After 20 years without a direct ferry link between Greece and Cyprus, the two countries are set to be reconnected by sea in May 2021
The island’s shipping deputy minister, Vassilios Demetriades, has secured permission from the European Commission to provide state aid to revive a service scuppered by budget airlines. Ferry firms have been invited to tender for the route.
The ferry is expected to connect either Larnaca or Limassol in Cyprus with the main Greek port of Piraeus, a suburb of Athens. From Limassol, it would take around 16 hours. The voyage from Larnaca would be two hours longer, compared with 100 minutes for flight from Athens.

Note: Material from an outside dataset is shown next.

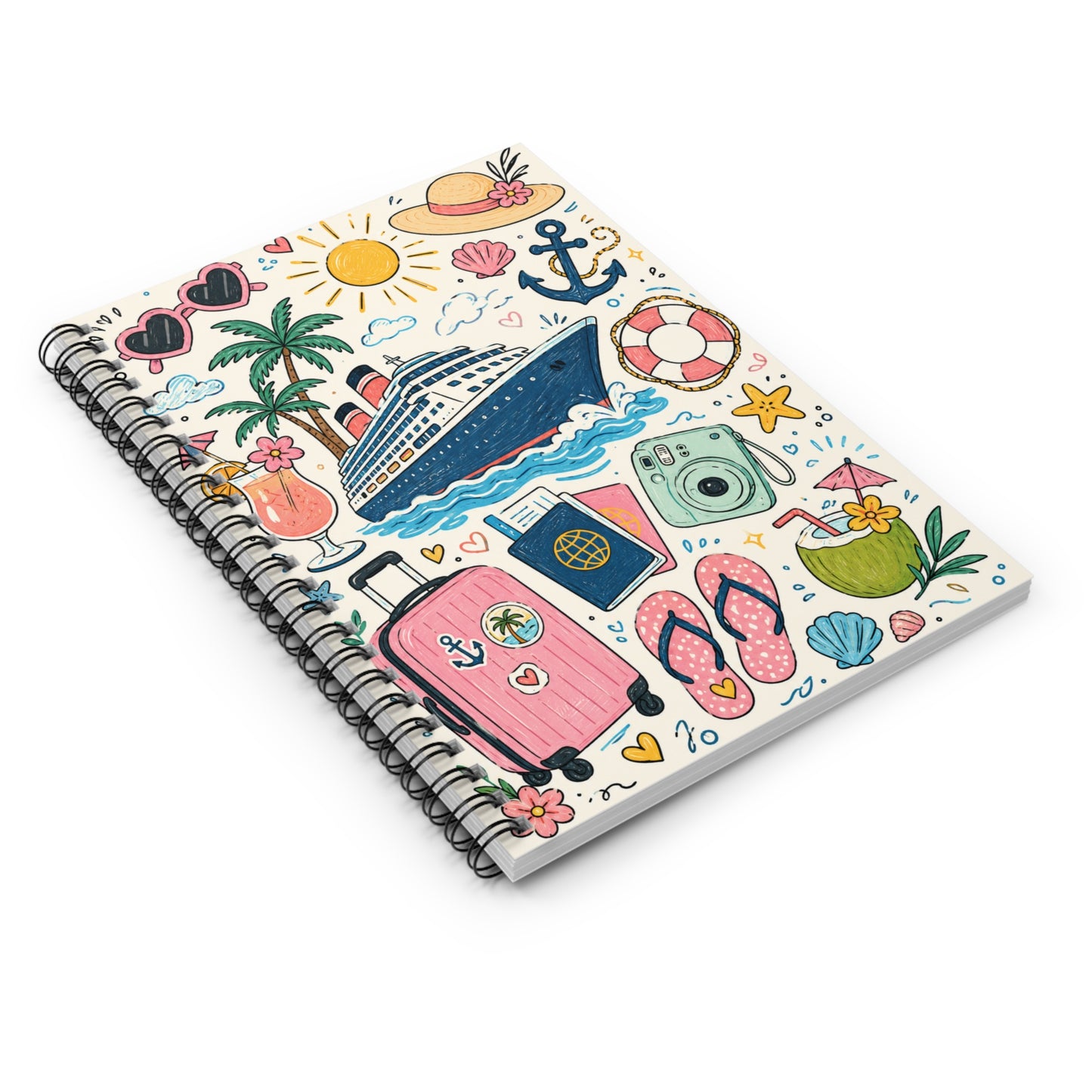 Travel Doodles Cruise Spiral Journal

An annual subsidy of up to €6m (£5.6m) is expected to be paid by the Cypriot government, specifically for passengers rather than freight.
One-way fares are expected to be around €50 (£46) in deck class, or €80 (£74) including a berth in a cabin – though additional port fees could add €25 (£23) to these figures. Cars will be carried at around €75 (£69).

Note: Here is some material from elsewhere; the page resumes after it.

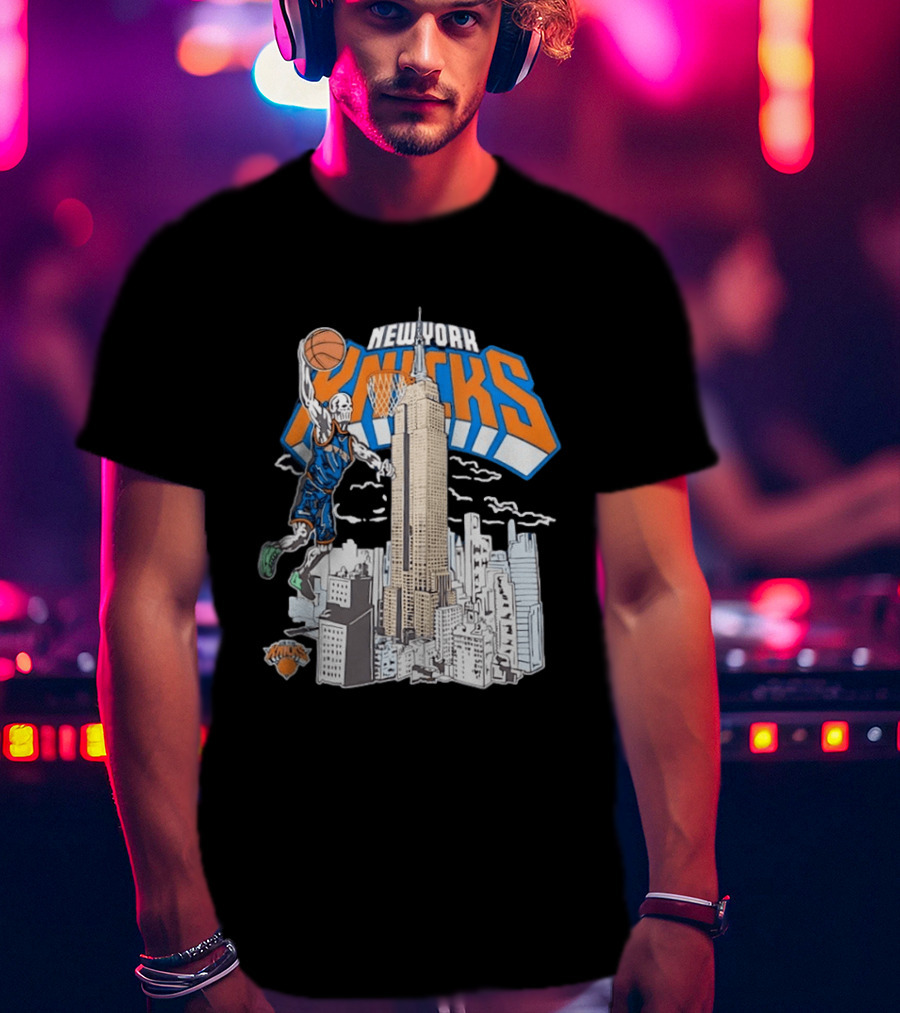 New York Knicks Skeleton Basketball Player Empire State Building Slam Dunk NBA T-Shirt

Typical one-way air fares, booked two weeks in advance, are around £30 on Wizz Air and £60 on Olympic.
Unlike the multiple daily flights on these airlines, the vessel will sail only once a week in summer and every two weeks through the winter.

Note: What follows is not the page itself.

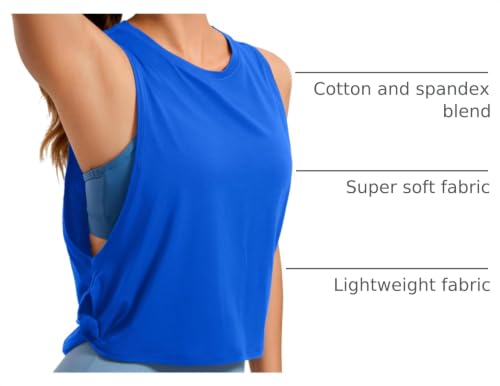 Image of CRZ YOGA Pima Cotton Dropped Armhole Tank | Workout, Naturally Soft, Loose Fit, Crop, Crewneck, Knotted Sides, Sleeveless Tops for Women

The most direct course passes Rhodes Town and it is thought a stop could be made there – adding around two hours to the journey but increasing connection opportunities to the Dodecanese islands and Greece.
The European Commission’s competition authorities have concluded that the link will be a “general economic interest service” and can therefore receive state aid.
Through the 20th century, ferries provided the main links between the two countries. But the shipping companies could not compete against budget airlines and the last ferry sailed between Cyprus and Greece in 2000.
There is a long-established ferry link between Turkey and the self-styled Turkish Republic of Northern Cyprus, an entity created in 1974 after Turkish forces invaded the island; it is not recognised internationally.
Nicky Gardner, co-editor of Hidden Europe, said: “This proposed new link from mainland Greece to Cyprus has been a long time in the making.
“I do just wonder if sorting out Cyprus' knotty internal politics might reap rewards in a fine network of ferry routes which promote wider connectivity throughout the eastern Mediterreanean.”
Some other ferries subsidised by national governments or the European Union have foundered in recent years – including the link from Rosyth in Scotland to Zeebrugge in Belgium, and across the Bay of Biscay from St-Nazaire in western France to Gijon in northern Spain.